▶ Items from a data source:
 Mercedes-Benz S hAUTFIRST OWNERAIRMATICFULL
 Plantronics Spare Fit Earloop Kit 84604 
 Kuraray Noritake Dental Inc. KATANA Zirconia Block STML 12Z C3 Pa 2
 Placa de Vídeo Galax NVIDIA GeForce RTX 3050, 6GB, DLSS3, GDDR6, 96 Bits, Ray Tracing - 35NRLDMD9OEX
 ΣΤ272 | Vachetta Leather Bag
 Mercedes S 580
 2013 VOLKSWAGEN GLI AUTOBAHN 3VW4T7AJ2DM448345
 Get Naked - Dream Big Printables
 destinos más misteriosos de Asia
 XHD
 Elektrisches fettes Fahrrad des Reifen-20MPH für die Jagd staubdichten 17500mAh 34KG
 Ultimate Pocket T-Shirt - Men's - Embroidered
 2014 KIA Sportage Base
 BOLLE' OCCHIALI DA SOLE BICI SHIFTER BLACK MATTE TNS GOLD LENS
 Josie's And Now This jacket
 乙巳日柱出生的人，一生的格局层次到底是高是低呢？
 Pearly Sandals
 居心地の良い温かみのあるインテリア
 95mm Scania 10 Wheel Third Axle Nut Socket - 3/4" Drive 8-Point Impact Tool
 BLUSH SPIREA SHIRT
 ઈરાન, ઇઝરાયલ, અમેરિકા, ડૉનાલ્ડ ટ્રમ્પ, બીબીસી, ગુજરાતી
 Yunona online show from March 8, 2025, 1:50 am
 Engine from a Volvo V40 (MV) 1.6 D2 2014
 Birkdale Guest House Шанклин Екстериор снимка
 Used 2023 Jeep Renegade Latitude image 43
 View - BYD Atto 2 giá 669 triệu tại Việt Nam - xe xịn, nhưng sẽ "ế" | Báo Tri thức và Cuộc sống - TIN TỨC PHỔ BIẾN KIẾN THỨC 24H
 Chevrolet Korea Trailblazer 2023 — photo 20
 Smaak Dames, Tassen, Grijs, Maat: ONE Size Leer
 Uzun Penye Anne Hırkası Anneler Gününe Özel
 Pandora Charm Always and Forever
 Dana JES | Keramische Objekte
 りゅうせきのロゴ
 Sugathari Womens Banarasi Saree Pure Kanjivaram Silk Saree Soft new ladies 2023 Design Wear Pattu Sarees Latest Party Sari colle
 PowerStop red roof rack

▶ INSTRUCTIONS TO FOLLOW:
The lines from the start of the entries above through the line containing "Placa de Vídeo" are the ones to return, please; copy them exactly and include both ends.

▶ RESPONSE AREA:
 Mercedes-Benz S hAUTFIRST OWNERAIRMATICFULL
 Plantronics Spare Fit Earloop Kit 84604 
 Kuraray Noritake Dental Inc. KATANA Zirconia Block STML 12Z C3 Pa 2
 Placa de Vídeo Galax NVIDIA GeForce RTX 3050, 6GB, DLSS3, GDDR6, 96 Bits, Ray Tracing - 35NRLDMD9OEX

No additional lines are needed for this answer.